Items from a data source:
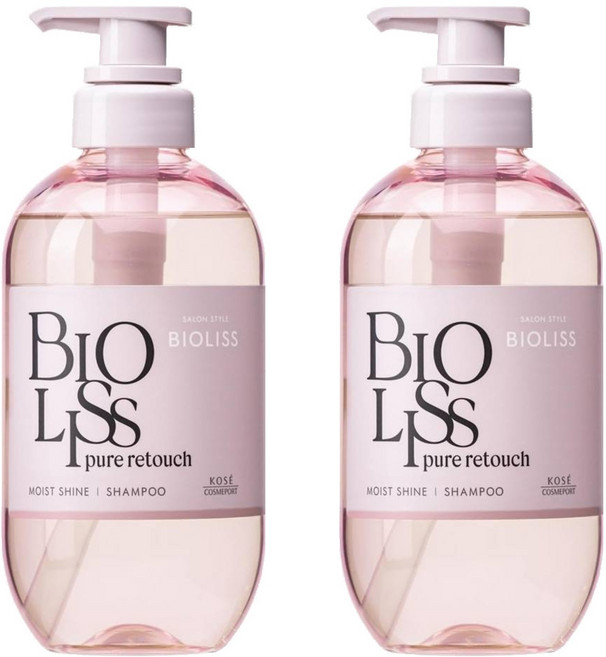 KOSE 高絲 BIOLISS 苾歐莉絲 PURE系列 毛躁對策修護洗髮精, 480ml, 2瓶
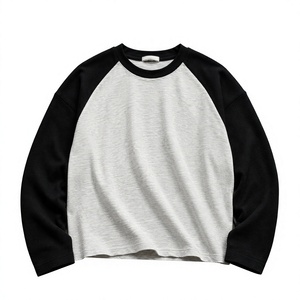 Pull tricoté à manches raglan pour homme, col rond, couleur unie, décontracté, coupe classique, bleu, noir, haut à manches longues - Product Image 4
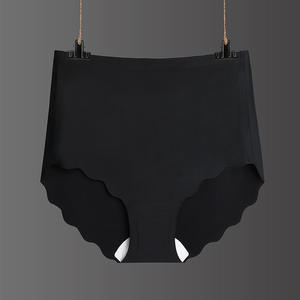 Vente chaude Qualité Glace Soie Sans Couture Respirant <span class=keywords><strong>Latex</strong></span> Taille Haute Plus La Taille Sous-Vêtements Coupe Haute Slip Femmes Culottes - Product Image 5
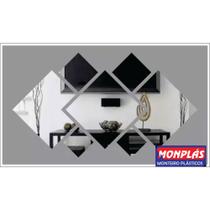Espelho decorativo em acrilico para sala 90x45
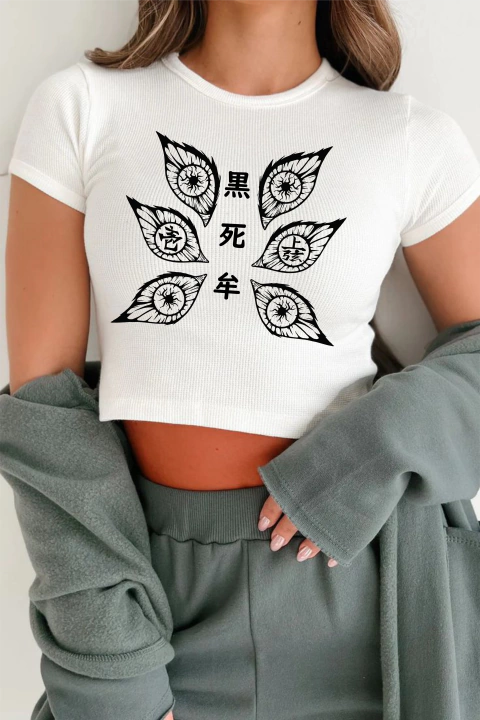 Remera baby tee Lunas superiores - Demon slayer - comprar online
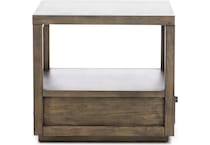 rivr brown end table denal  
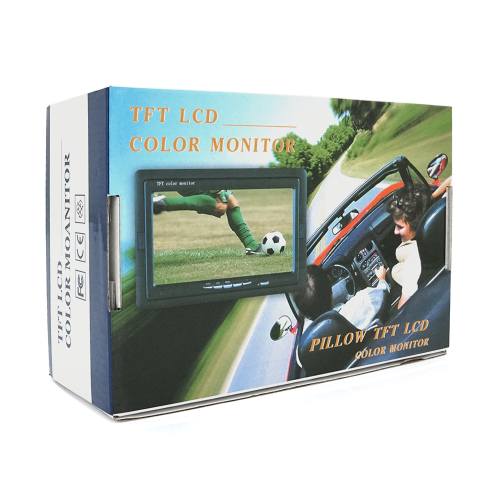 Автомобільний РК-монітор 7&amp;quot; на дві камери, Box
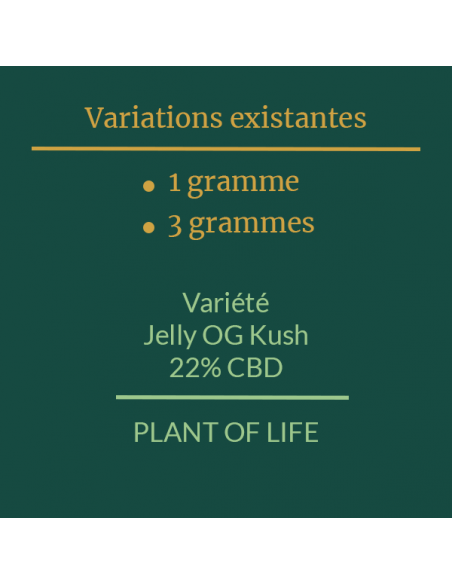PLANT OF LIFE - Jelly OG Kush - 22% CBD - 1g / 3g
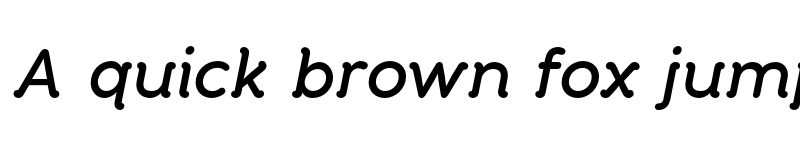 Preview of FONTSPRING DEMO - Banda Semi bold SemiBold Italic font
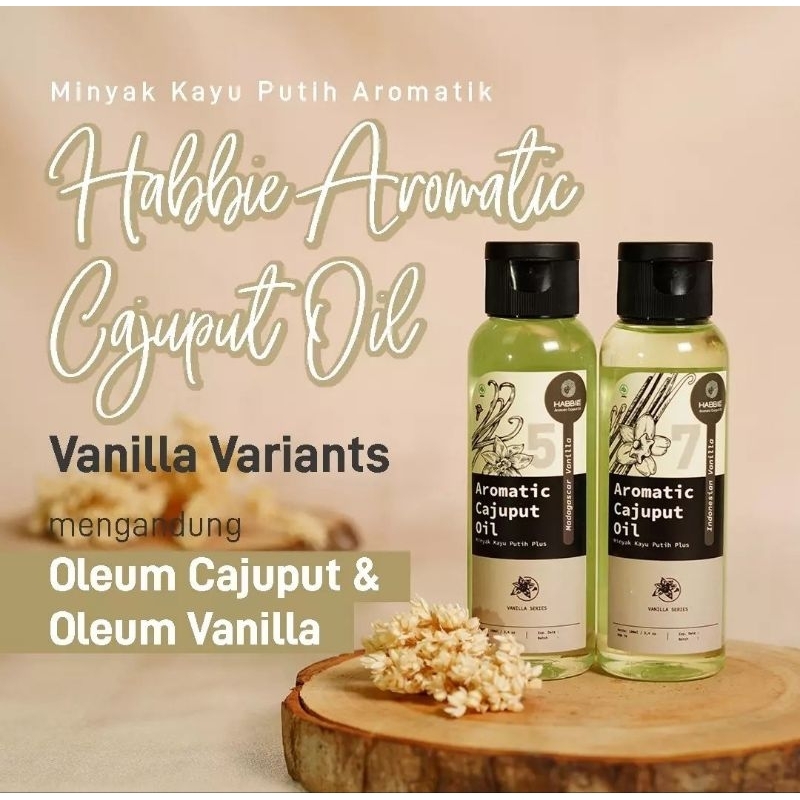 Habbie Minyak Kayu Putih 100 ml - Vanilla Series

● **TASK DIRECTIONS**
Print, exactly, each line above from the one with "Pull tricoté à" to the one with "PLANT OF LIFE", end lines included. Leave pictures out of it.

● **THE COMPLETED TASK**
 Pull tricoté à manches raglan pour homme, col rond, couleur unie, décontracté, coupe classique, bleu, noir, haut à manches longues - Product Image 4
 Vente chaude Qualité Glace Soie Sans Couture Respirant <span class=keywords><strong>Latex</strong></span> Taille Haute Plus La Taille Sous-Vêtements Coupe Haute Slip Femmes Culottes - Product Image 5
Espelho decorativo em acrilico para sala 90x45
 Remera baby tee Lunas superiores - Demon slayer - comprar online
 rivr brown end table denal  
 Автомобільний РК-монітор 7&amp;quot; на дві камери, Box
PLANT OF LIFE - Jelly OG Kush - 22% CBD - 1g / 3g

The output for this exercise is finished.